ALLARME PARASSITA DEL PINO
I pini di Roma, come quelli di Napoli e dei litorali delle nostre spiagge, soprattutto del sud del paese, sono sotto attacco di questo micro-organismo che gli appassionati di giardinaggio conosceranno con il nome di cocciniglia e che ha anche un nome simpatico. Volgarmente, infatti, viene chiamata “cocciniglia tartaruga del pino”, ma questo insettino ha un nome scientifico assolutamente impronunciabile: Toumeyella parvicornis. Nonostante le dimensioni ridotte i danni che fa ai pini dei litorali e delle zone urbane sono incalcolabili: dal 2015, anno in cui si è diffusa nel nostro paese dal Nord America, pare abbia infestato la quasi totalità dei pini da pinoli della Capitale, e sta contribuendo in modo significativo alla mortalità dei pini italiani. Nei Caraibi, addirittura, dove si è diffusa a macchia d’olio come una vera epidemia, nell’ultimo decennio ha decimato il pino di Caicos nelle foreste dell’arcipelago omonimo, causando la morte del 95% delle piante e modificando radicalmente l’ecosistema del posto.
La cocciniglia tartaruga è difficilissima da sconfiggere: non si vede ad occhio nudo, non vola, viene trasportata dal vento, e le sue larve si comportano proprio come i parassiti.
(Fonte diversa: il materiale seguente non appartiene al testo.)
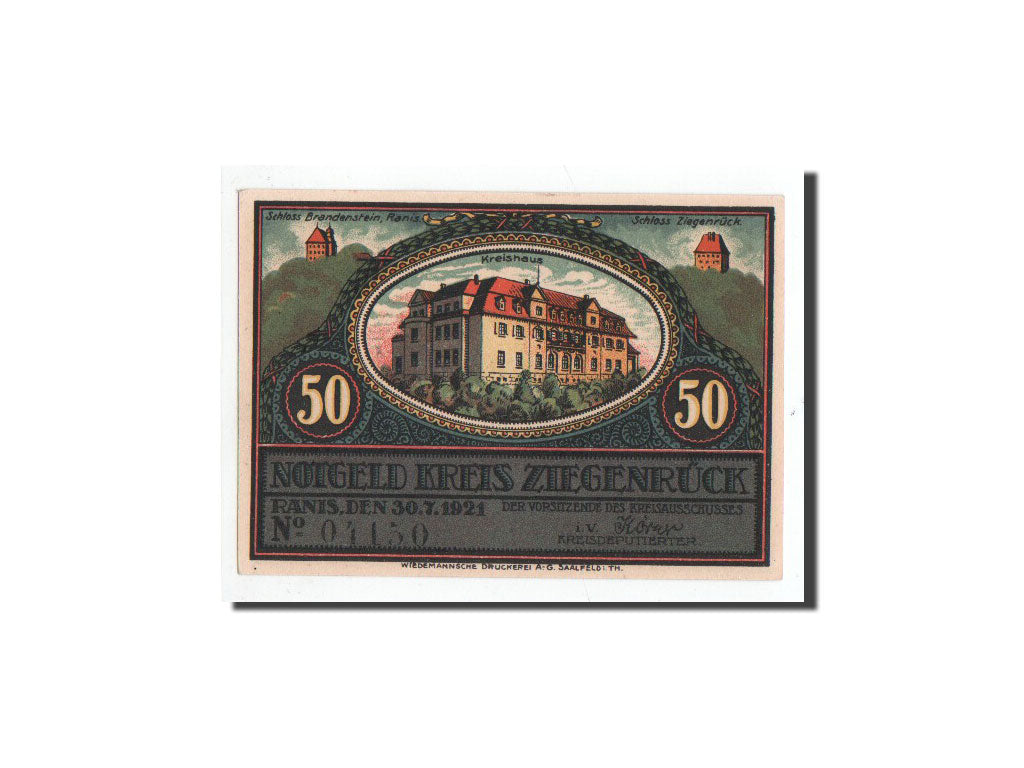 Billete, Alemania, Ziegenrück, 50 Pfennig, chateau 2, 1921, 1921-07-30, UNC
Si attaccano, cioè, al tronco, e iniziano a succhiarne la linfa, causando un progressivo indebolimento della pianta, soggetta fra l’altro anche all’attacco da parte della processionaria. Il decesso della pianta è lento, possono trascorrere anche anni, e la cocciniglia non è diretta responsabile dei crolli degli alberi e dei danni a cose e persone. Lo è, invece, l’incuria, poiché un albero infetto muta la sua forma, il suo tronco si rinsecchisce fino a spezzarsi e quindi va abbattutto prima dell’ultimo stadio dell’infezione.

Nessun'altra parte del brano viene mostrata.